Total capital expenditure for 2023 was US$7.47 billion, and it expects capex for 2024 to remain roughly flat.

The company, which was placed on a US trade blacklist in 2020 as a potential national security risk, ranks as the world’s fifth-largest foundry after Taiwan Semiconductor Manufacturing Corp, South Korea’s Samsung Electronics, Taiwan-based United Microelectronics and GlobalFoundries of the US, according to market-intelligence firm TrendForce.

For 2024, the company estimated that revenue growth will be in line with the industry average, although it is not expecting a strong rebound in growth.

“Driven by gradual improvement on client inventory levels and rising demand for smartphone and internet [services], the company achieved stable growth,” SMIC’s co-CEO Zhao Haijun told analysts during a post-earnings call on Wednesday.

But he cautioned that “the strength of the resurgent demand is not sufficient to undergird a full, strong rebound in the semiconductor [sector]”.

In the fourth quarter, China accounted for 80.8 per cent of SMIC’s total revenue, down from 84 per cent in the third quarter.
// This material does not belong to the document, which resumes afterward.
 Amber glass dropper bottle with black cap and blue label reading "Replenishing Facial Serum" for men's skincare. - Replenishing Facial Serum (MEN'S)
Revenue from the US bucked the geopolitical headwinds, accounting for 15.7 per cent of the total, up from 12.9 per cent in the previous quarter.

According to the company’s breakdown of revenue by applications, smartphone, computer and tablet devices remain the company’s largest revenue source, accounting for a combined 60.8 per cent of the total in the fourth quarter. Consumer electronics contributed to 22.8 per cent, a slight drop from third quarter’s 24.1 per cent, weighed down by slow demand.
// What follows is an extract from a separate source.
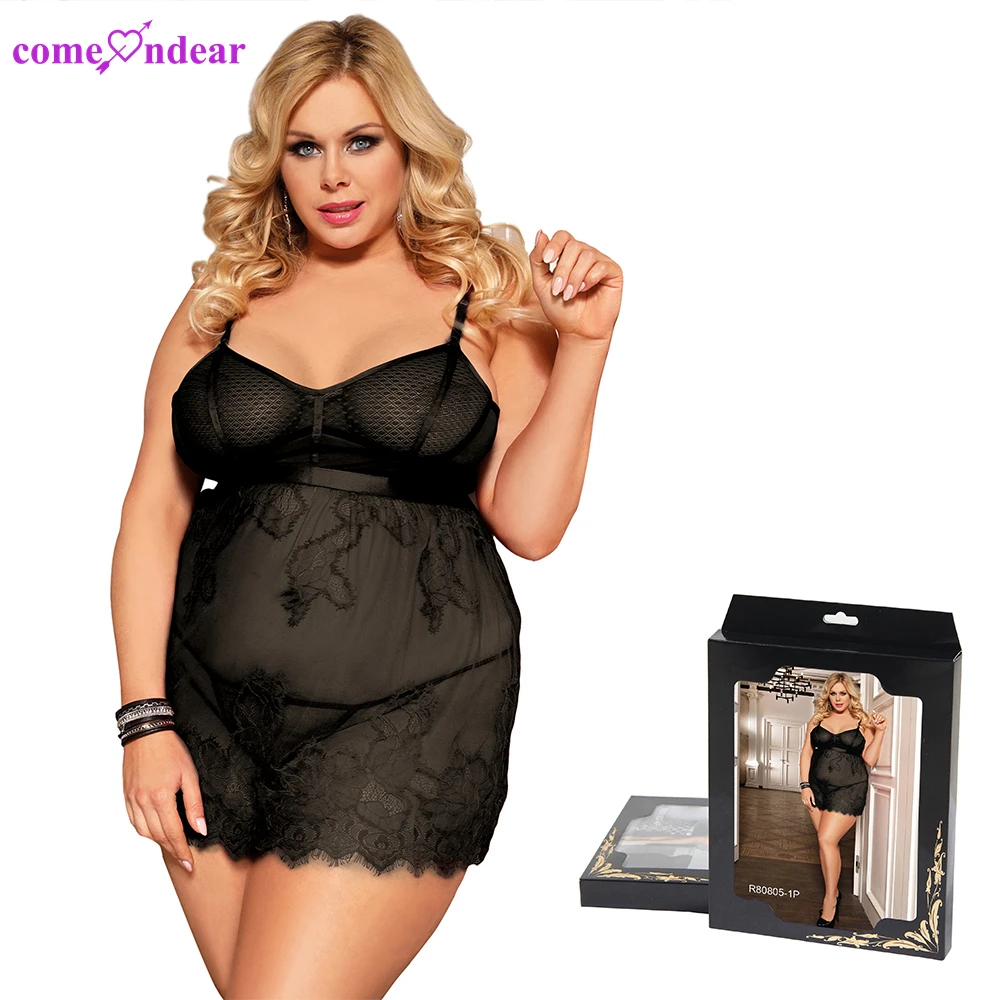 

Packaging for clothes curvy ladies black transparent plus size lingerie set lace 4xl 5xl 6xl 7xl night dresses for woman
The smartphone segment led the growth with nearly 5 per cent quarter-on-quarter growth, owing mainly to Huawei’s popular Mate 60 line launched in late August, which saw a boom in demand from patriotic Chinese buyers after it was revealed that the processor was made with advanced 7-nanometre technology in spite of US sanctions designed to curb the company's ability at the high-end smartphone segment.

Sales of Huawei's new 5G smartphones have been surging, with about 2.5 million units sold by early November, according to market research firm Canalys.